▶ _EXTRACTED RECORDS_
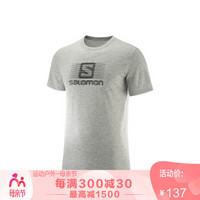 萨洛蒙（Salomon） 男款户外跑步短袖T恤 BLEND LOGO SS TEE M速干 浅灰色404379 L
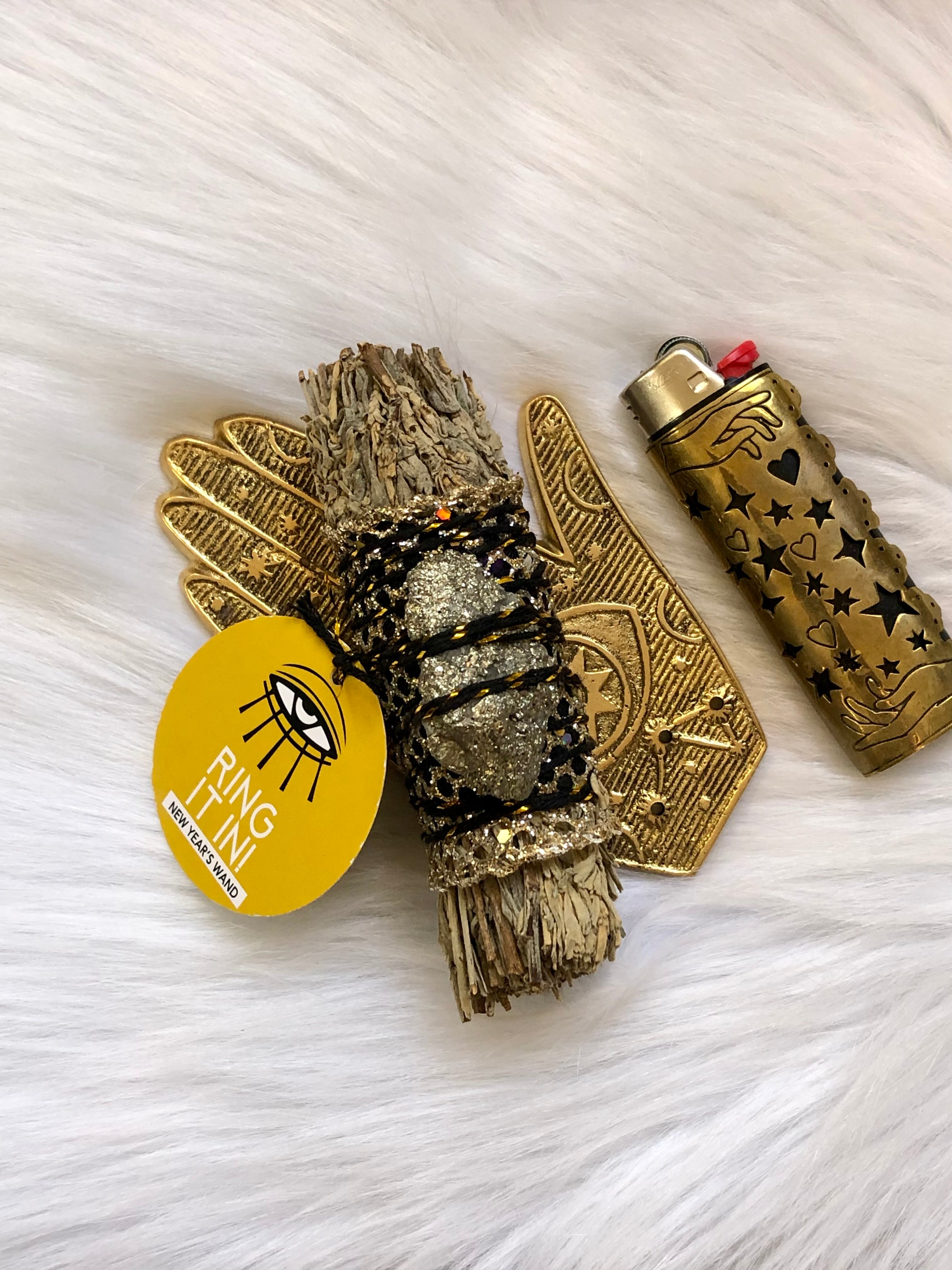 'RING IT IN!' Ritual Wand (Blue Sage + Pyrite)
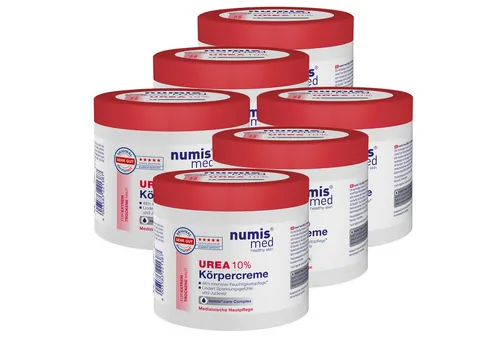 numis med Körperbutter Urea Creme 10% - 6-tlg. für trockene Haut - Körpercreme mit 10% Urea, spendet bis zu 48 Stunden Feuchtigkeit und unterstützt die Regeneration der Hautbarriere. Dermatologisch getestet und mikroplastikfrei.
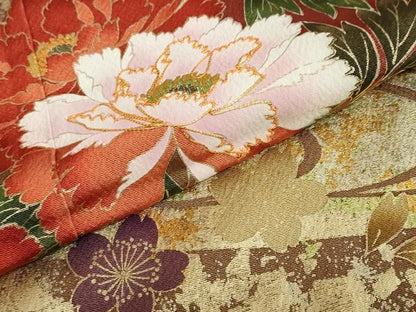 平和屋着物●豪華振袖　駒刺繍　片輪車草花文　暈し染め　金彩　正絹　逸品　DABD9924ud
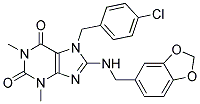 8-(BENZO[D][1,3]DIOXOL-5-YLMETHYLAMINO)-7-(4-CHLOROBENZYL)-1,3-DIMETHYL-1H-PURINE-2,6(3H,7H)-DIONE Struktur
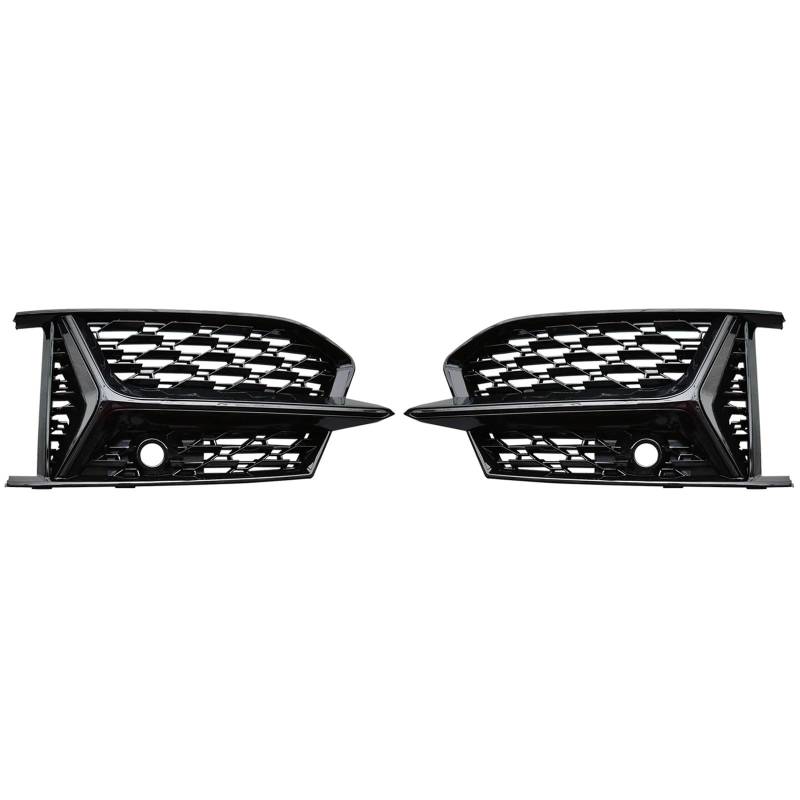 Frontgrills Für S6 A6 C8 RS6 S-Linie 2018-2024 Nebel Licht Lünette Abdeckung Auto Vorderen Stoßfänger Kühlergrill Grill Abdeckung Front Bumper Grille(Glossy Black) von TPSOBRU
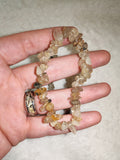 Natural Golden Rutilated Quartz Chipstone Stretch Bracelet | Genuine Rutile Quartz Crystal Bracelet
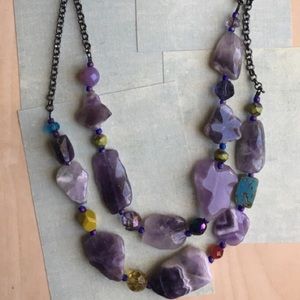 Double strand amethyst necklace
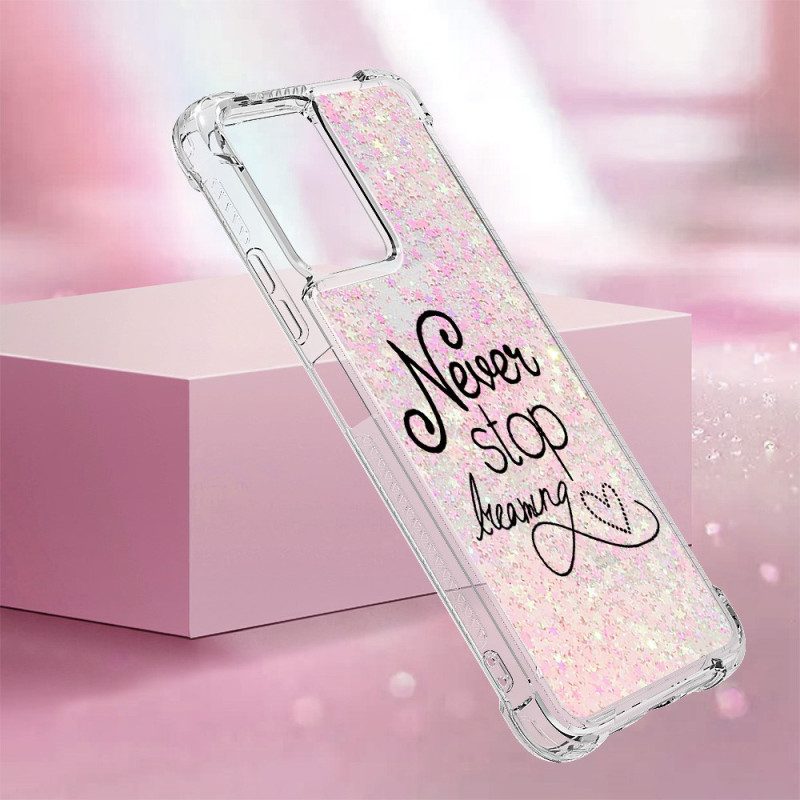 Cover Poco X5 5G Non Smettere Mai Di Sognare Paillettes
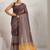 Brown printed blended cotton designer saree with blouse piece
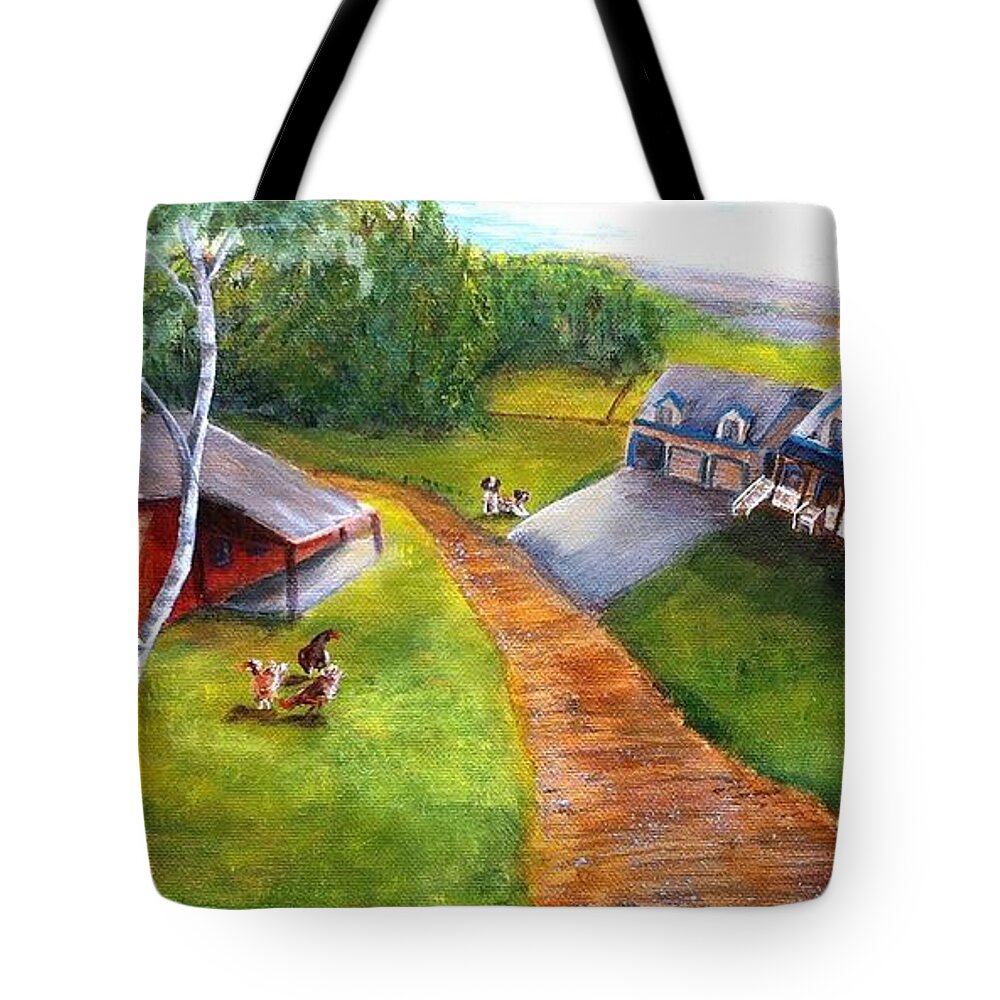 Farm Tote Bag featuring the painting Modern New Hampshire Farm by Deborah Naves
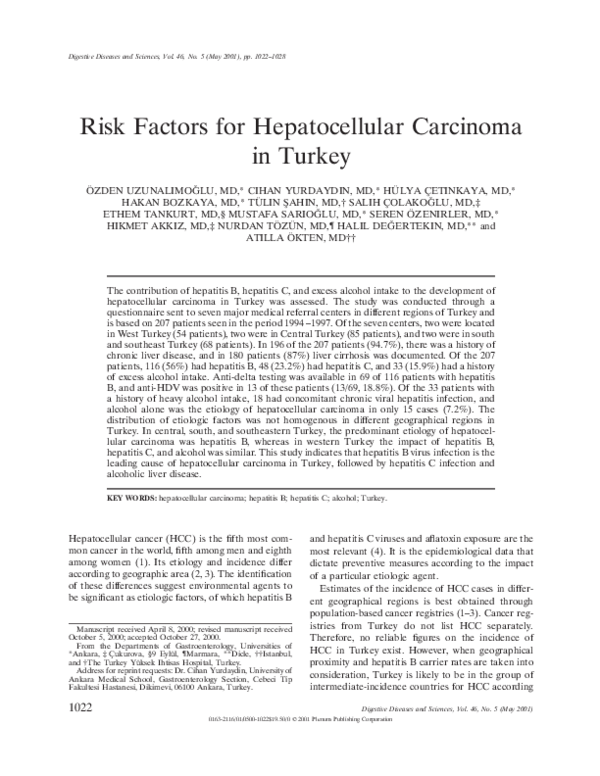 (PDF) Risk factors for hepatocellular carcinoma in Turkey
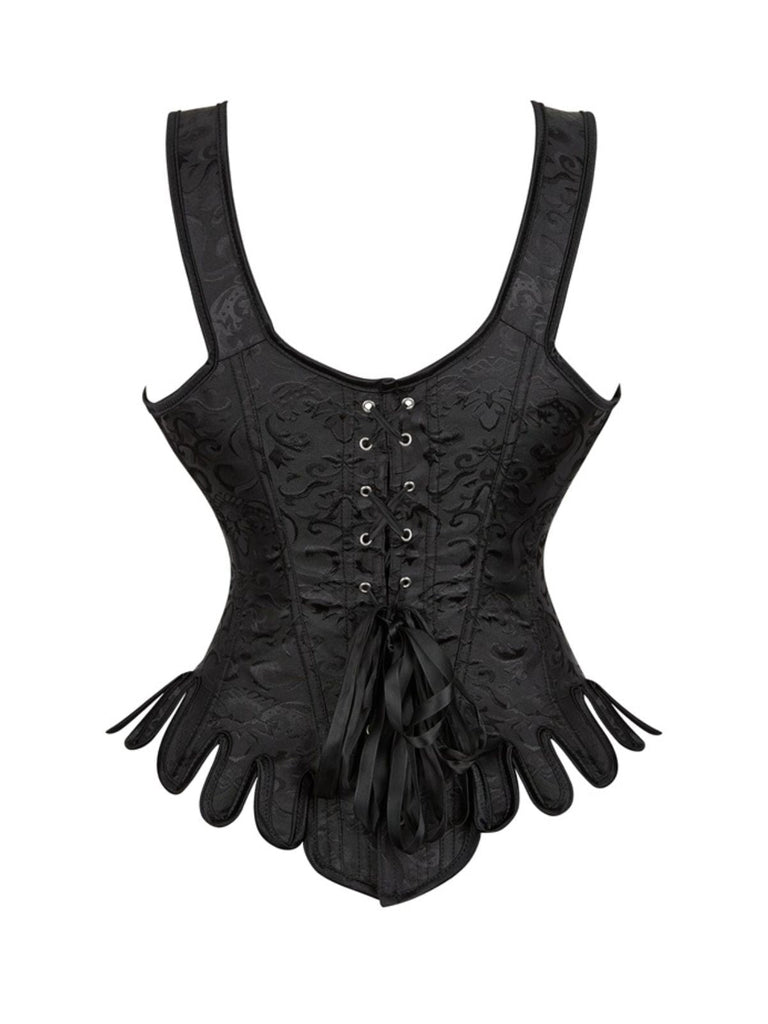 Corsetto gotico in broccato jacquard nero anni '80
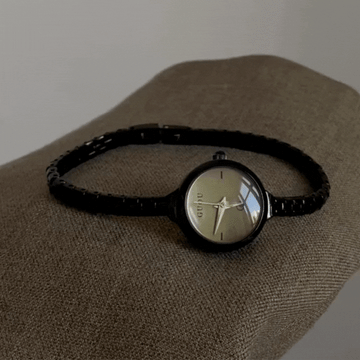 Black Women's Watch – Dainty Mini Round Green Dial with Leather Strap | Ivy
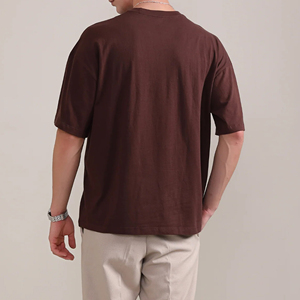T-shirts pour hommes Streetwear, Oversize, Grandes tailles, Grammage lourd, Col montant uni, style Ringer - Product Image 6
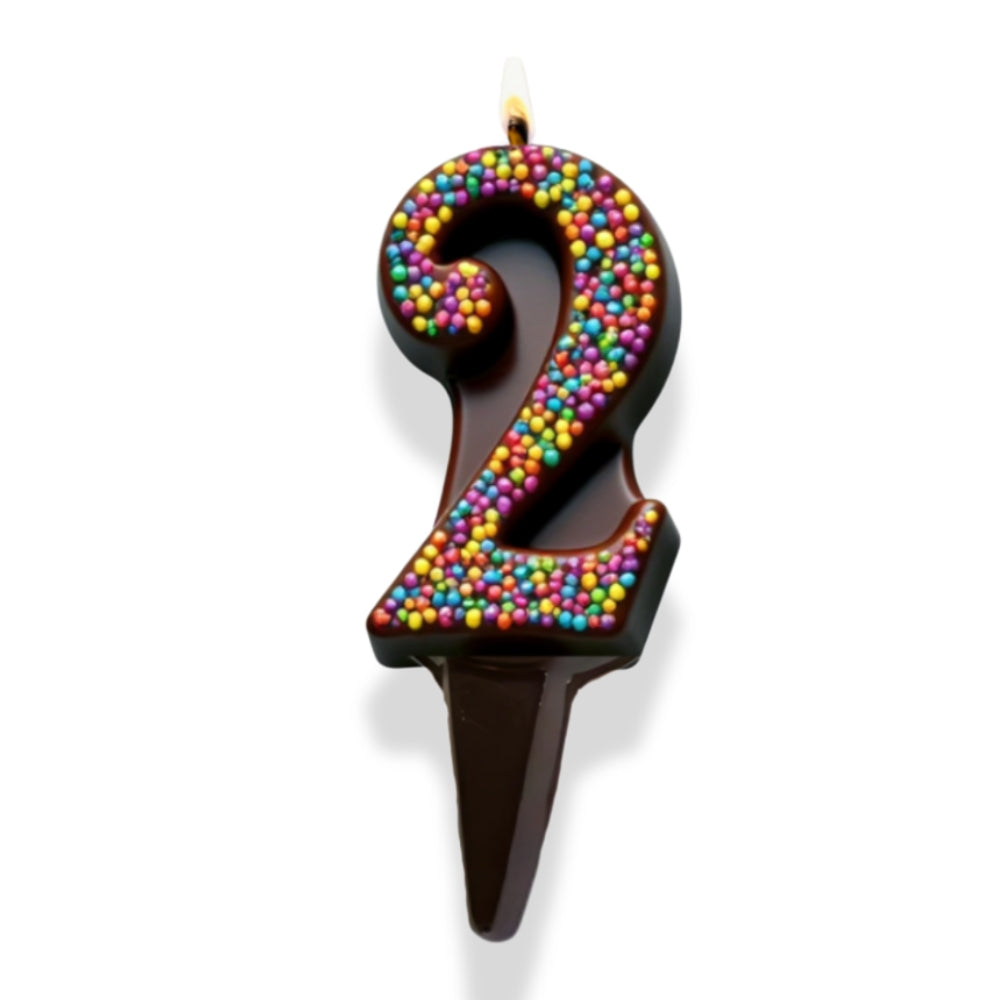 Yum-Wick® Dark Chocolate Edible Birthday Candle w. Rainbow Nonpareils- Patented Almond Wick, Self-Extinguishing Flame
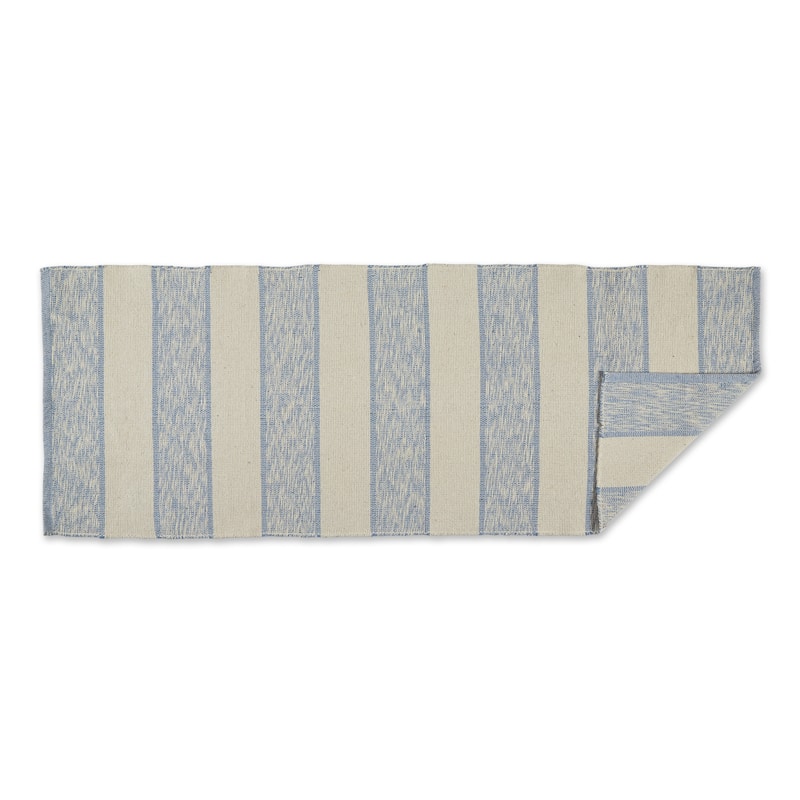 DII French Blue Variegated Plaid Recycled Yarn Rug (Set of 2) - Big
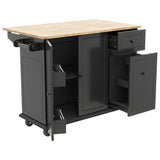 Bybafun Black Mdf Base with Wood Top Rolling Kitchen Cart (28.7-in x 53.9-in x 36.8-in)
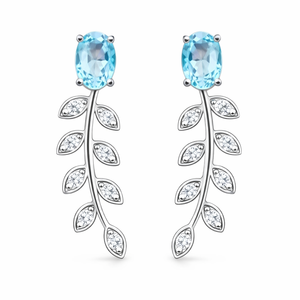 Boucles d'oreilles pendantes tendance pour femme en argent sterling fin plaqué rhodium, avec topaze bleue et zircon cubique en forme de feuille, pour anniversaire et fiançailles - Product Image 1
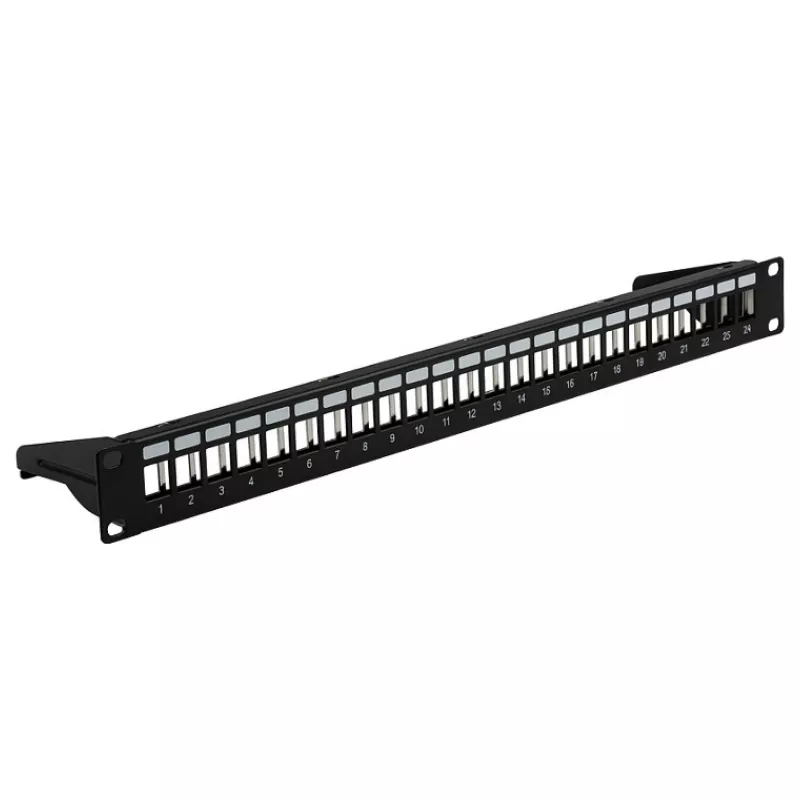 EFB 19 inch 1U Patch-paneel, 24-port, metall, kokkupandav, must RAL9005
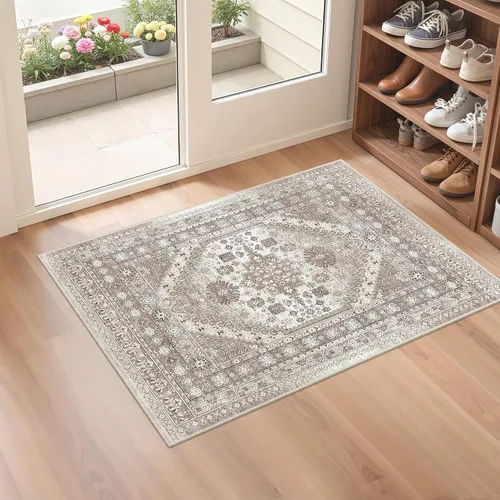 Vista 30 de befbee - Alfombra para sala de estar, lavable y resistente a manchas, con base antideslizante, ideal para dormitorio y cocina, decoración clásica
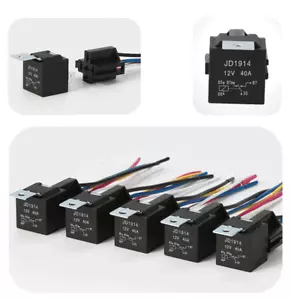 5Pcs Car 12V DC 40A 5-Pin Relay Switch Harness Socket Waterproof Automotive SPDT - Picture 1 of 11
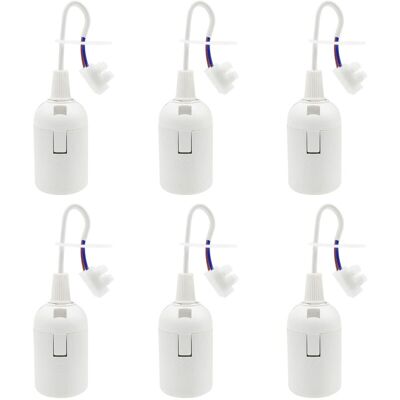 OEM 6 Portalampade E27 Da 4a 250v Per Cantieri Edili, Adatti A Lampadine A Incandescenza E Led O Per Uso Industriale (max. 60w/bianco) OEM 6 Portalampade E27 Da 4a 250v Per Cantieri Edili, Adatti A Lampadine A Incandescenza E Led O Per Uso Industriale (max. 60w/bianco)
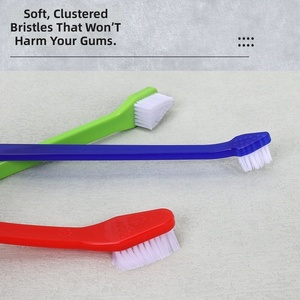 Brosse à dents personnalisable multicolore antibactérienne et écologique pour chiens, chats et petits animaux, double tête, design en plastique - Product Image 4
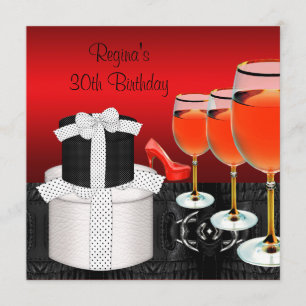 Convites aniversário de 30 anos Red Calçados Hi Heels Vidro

▶ _YOUR TASK_
Reproduce the material above exactly, first line through the line that contains "Corsetto gotico in", minus the pictures.

▶ _YOUR RESPONSE_
 萨洛蒙（Salomon） 男款户外跑步短袖T恤 BLEND LOGO SS TEE M速干 浅灰色404379 L
 'RING IT IN!' Ritual Wand (Blue Sage + Pyrite)
 numis med Körperbutter Urea Creme 10% - 6-tlg. für trockene Haut - Körpercreme mit 10% Urea, spendet bis zu 48 Stunden Feuchtigkeit und unterstützt die Regeneration der Hautbarriere. Dermatologisch getestet und mikroplastikfrei.
 平和屋着物●豪華振袖　駒刺繍　片輪車草花文　暈し染め　金彩　正絹　逸品　DABD9924ud
 8-(BENZO[D][1,3]DIOXOL-5-YLMETHYLAMINO)-7-(4-CHLOROBENZYL)-1,3-DIMETHYL-1H-PURINE-2,6(3H,7H)-DIONE Struktur
 Frontgrills Für S6 A6 C8 RS6 S-Linie 2018-2024 Nebel Licht Lünette Abdeckung Auto Vorderen Stoßfänger Kühlergrill Grill Abdeckung Front Bumper Grille(Glossy Black) von TPSOBRU
 Natural Golden Rutilated Quartz Chipstone Stretch Bracelet | Genuine Rutile Quartz Crystal Bracelet
 Double strand amethyst necklace
 Cover Poco X5 5G Non Smettere Mai Di Sognare Paillettes
 Brown printed blended cotton designer saree with blouse piece
 Farm Tote Bag featuring the painting Modern New Hampshire Farm by Deborah Naves
 (PDF) Risk factors for hepatocellular carcinoma in Turkey
 Corsetto gotico in broccato jacquard nero anni '80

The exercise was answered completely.